With pictures excluded, copy word for word the lines in the data below from the line containing "Margaret Island Mystery: Self-Guided" through the line containing "Tree Care Tips".

_INPUT MATERIAL:_
=== Begin Enclosure ===

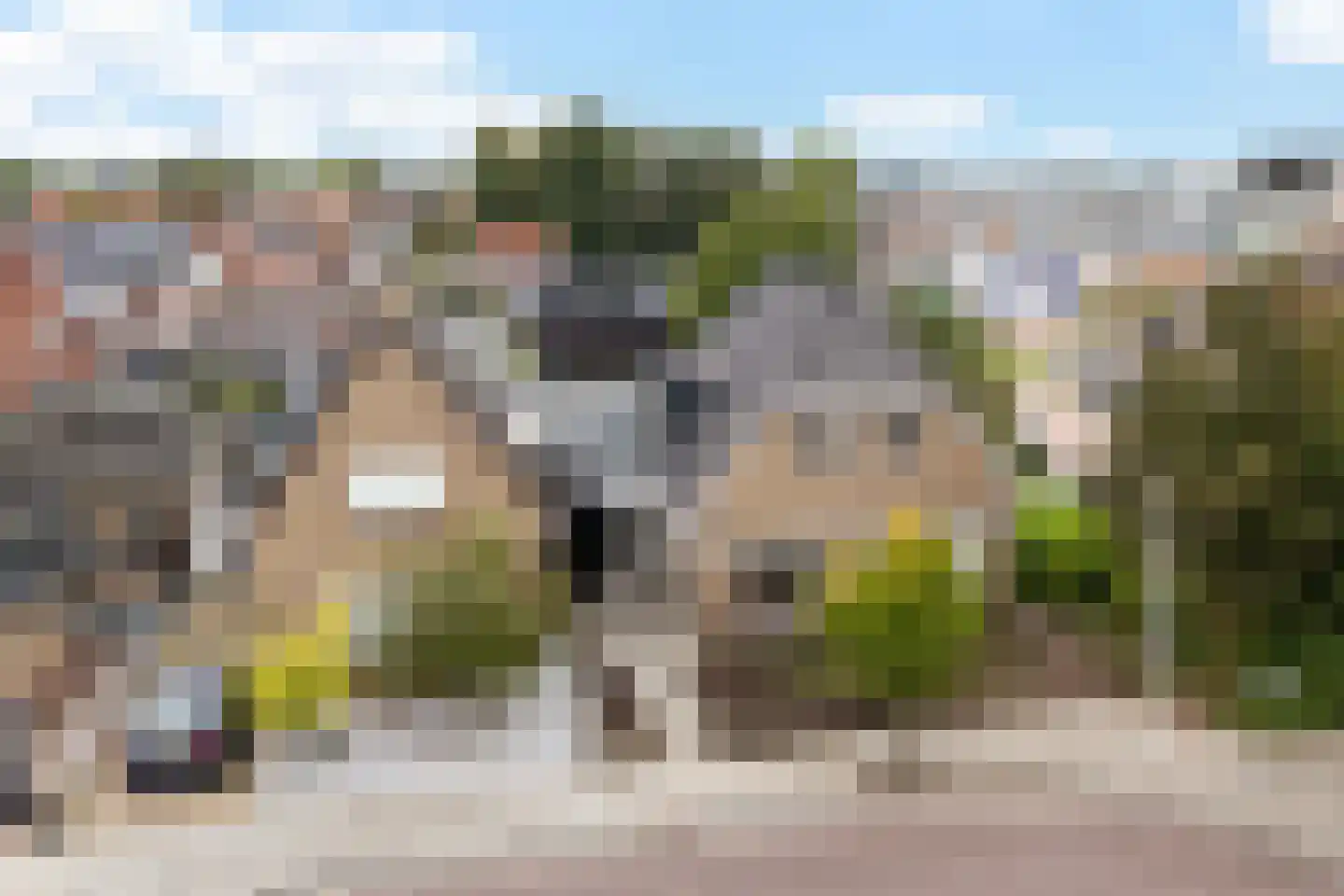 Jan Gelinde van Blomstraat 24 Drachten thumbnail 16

=== End Enclosure ===
=== Begin Enclosure ===

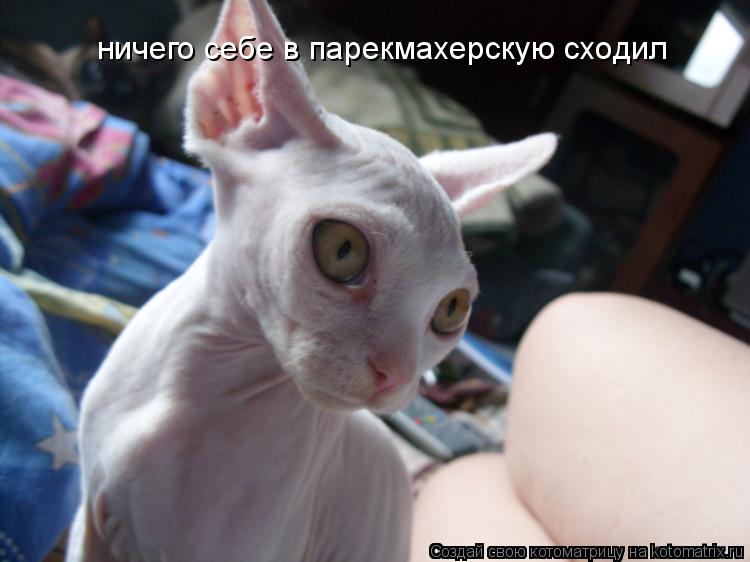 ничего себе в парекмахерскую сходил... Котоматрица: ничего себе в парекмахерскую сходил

=== End Enclosure ===
=== Begin Enclosure ===

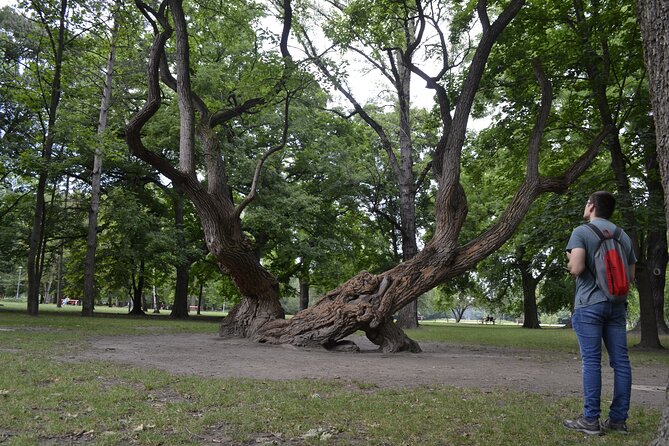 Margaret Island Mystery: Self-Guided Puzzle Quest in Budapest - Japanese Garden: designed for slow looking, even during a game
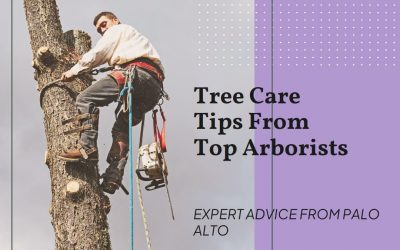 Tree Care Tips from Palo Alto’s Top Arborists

=== End Enclosure ===

_ANSWER TO THIS PROBLEM:_
 Margaret Island Mystery: Self-Guided Puzzle Quest in Budapest - Japanese Garden: designed for slow looking, even during a game
 Tree Care Tips from Palo Alto’s Top Arborists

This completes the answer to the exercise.